╭─ Provided data
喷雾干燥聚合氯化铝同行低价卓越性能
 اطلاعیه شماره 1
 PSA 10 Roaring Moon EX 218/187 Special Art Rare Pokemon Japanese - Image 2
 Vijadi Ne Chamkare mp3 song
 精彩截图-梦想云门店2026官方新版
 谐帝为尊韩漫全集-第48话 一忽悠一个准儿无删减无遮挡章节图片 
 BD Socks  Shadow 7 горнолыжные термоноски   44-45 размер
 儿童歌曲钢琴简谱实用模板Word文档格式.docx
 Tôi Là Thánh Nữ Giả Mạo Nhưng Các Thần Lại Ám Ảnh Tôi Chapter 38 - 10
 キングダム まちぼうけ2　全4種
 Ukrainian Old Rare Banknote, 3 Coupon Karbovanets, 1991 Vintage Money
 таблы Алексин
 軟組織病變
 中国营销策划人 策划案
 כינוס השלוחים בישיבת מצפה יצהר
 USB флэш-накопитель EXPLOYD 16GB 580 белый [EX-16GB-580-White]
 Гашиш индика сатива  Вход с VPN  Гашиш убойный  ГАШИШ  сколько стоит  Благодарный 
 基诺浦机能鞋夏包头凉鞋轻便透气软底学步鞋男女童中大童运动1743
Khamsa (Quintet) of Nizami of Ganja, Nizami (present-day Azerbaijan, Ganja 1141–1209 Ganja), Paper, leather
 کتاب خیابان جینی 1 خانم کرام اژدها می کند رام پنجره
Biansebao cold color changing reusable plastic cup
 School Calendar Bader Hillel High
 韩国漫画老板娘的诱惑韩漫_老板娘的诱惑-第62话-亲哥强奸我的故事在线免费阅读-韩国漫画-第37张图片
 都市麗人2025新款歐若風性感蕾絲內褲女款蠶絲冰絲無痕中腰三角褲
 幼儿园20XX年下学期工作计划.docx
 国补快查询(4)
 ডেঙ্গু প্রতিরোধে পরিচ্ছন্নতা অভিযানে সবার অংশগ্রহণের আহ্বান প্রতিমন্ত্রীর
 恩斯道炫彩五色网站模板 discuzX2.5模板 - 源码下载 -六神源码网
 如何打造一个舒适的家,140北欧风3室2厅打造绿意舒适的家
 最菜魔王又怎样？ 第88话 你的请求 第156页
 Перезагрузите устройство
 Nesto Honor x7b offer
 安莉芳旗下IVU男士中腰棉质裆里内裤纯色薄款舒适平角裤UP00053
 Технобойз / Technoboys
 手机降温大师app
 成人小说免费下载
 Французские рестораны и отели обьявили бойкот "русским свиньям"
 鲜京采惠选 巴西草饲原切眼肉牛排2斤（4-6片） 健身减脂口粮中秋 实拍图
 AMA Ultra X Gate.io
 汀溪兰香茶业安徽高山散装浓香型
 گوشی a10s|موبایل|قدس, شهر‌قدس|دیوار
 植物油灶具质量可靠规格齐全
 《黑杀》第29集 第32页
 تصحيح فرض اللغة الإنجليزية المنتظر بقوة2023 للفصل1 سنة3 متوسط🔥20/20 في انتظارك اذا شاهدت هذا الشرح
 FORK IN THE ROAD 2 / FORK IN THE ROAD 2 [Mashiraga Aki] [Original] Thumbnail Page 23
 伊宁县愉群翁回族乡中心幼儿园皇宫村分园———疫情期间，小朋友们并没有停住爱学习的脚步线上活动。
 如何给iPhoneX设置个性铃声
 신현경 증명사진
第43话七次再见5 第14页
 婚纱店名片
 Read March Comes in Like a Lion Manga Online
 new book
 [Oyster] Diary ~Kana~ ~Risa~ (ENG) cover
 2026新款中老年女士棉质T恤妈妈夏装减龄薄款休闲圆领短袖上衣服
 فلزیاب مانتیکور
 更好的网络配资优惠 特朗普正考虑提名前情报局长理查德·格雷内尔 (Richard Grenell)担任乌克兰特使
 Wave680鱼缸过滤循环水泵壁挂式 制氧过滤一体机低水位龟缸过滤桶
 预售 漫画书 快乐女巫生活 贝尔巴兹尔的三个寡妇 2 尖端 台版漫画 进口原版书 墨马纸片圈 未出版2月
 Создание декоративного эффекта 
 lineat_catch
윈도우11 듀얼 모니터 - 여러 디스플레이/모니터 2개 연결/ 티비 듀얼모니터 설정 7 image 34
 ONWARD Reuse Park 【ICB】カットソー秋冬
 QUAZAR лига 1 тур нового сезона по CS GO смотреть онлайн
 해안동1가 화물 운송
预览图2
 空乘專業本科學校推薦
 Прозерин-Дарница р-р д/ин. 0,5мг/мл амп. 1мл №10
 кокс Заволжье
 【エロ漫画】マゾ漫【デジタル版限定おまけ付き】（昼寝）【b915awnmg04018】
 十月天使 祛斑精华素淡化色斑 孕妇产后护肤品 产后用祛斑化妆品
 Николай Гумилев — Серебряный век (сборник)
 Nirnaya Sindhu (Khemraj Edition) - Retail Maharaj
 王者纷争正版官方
╰─
▸ What to do
Go through the entries above and copy every line containing "Rare".

▸ Answer box
 PSA 10 Roaring Moon EX 218/187 Special Art Rare Pokemon Japanese - Image 2
 Ukrainian Old Rare Banknote, 3 Coupon Karbovanets, 1991 Vintage Money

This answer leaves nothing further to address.